しかし翌朝になって、彼を探すのが難しそうなことに気が付いた。彼を見送ってすぐに眠りについたのだが、このことは出来事の異常さを考えると奇妙に思える。しかし、当時は全く普通に思えた。その男にどこか不自然なところは少しもなかった。

起きてすぐに、とても奇妙な体験をしたことがわかったが、何が起こったのか自信がなかった。もっとも、出発の準備が整うまでは、私は会話したことをはっきりと覚えていたのだが。少しばかりのメモ書きがあったが、少なくとも当初は解読不能だったので、私は最初に考えた。私は妻のアンに電話をして、その男が現実の人のように見えたことをあとで否定しないように頼んだ。これまで長い間、異常な体験をしてきたので、遅かれ早かれ自分が今回の出来事を否定するだろうことは分かっていた。

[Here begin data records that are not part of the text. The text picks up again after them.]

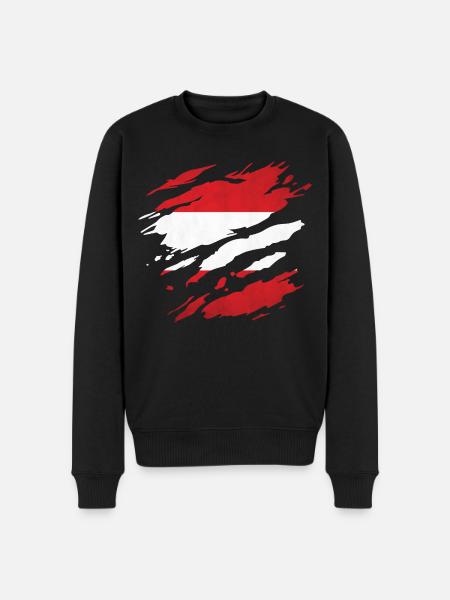 Autriche - Drapeau national, rayures, fissures - Pull Premium bio Homme - noir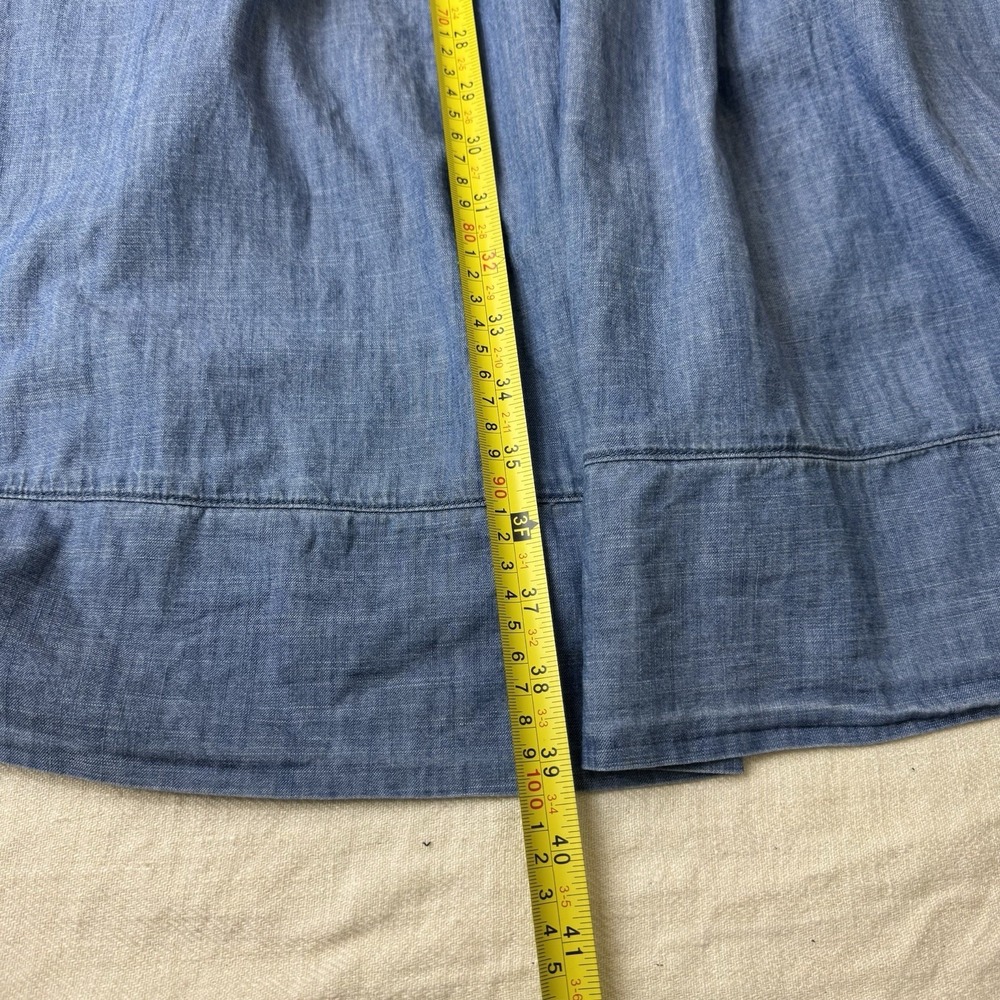 Sonoma Chambray Shirt Dress Womens Size 2X Blue 100% Cotton Pockets Lagenlook - Picture 8 of 10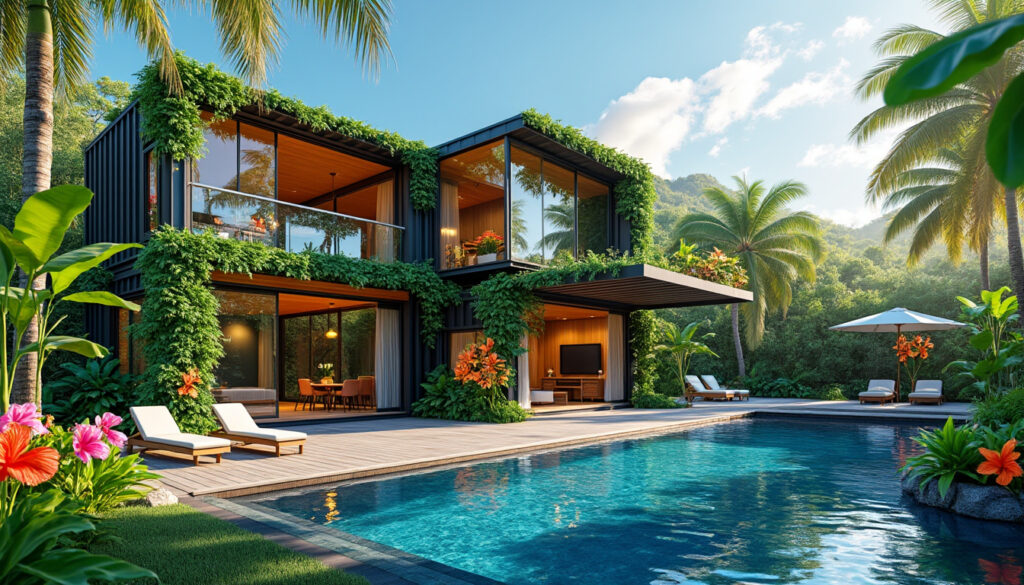 découvrez une maison container durable au brésil, combinant modernité et respect de l'environnement. profitez d'un design innovant agrémenté d'une magnifique piscine pour des moments de détente inoubliables au cœur de la nature.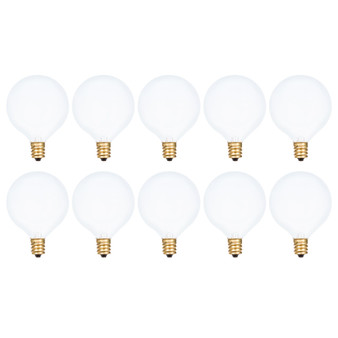 Simba Lighting® Decorative Globe G16.5 Round Bulb 40W E12 Candelabra Base Frosted Glass, 10 Pack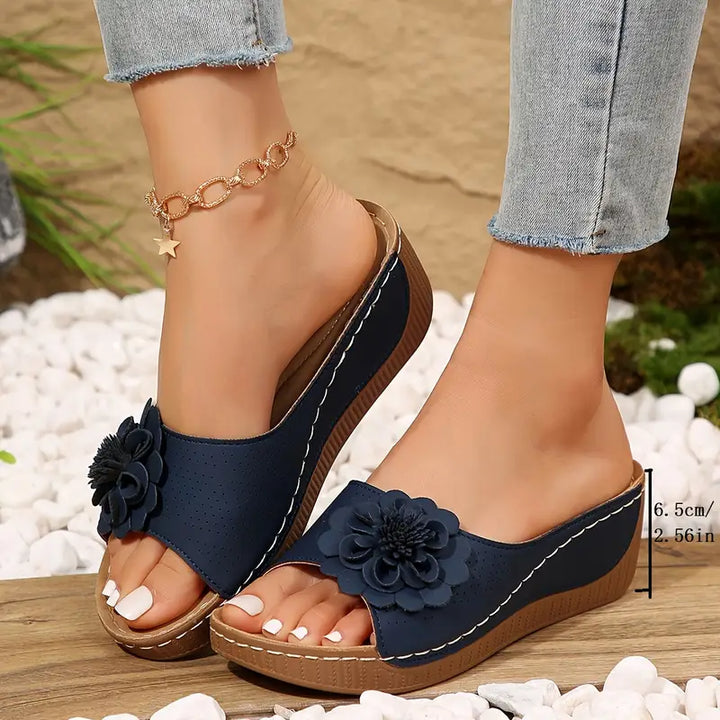 Women's Orthopedic Floral Wedge Sandals - Summer Comfort & Support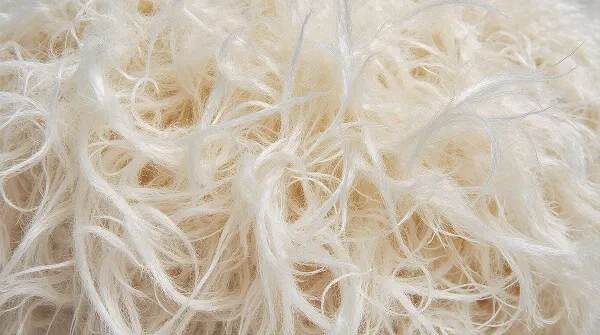 Nahaufnahme von feinen, weißen und seidig glänzenden Zellulosefasern – der natürliche Rohstoff zur Herstellung von Viskose aus zertifizierter Holzwirtschaft.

その日の朝、著書の広報担当が今回で最後だとわかったので、その男について話してみた。彼女はその男が何者か、さっぱりわからなかった。彼女の事務所の何人が私の宿泊場所を知っているのか尋ねたが、彼女は知らなかった。そのような情報を秘密にする理由はなかった。作家は迷惑なファンを引きつけるタイプの有名人ではない。実際、たいていの作家は1人でもファンをひきつけたがるが、私も例外ではなかった。

それで誰か私のいるホテルを知っている人がいたかもしれないが、その場合は受付で部屋番号を聞かないといけないだろう。事実、彼女自身が部屋番号を知らなかった。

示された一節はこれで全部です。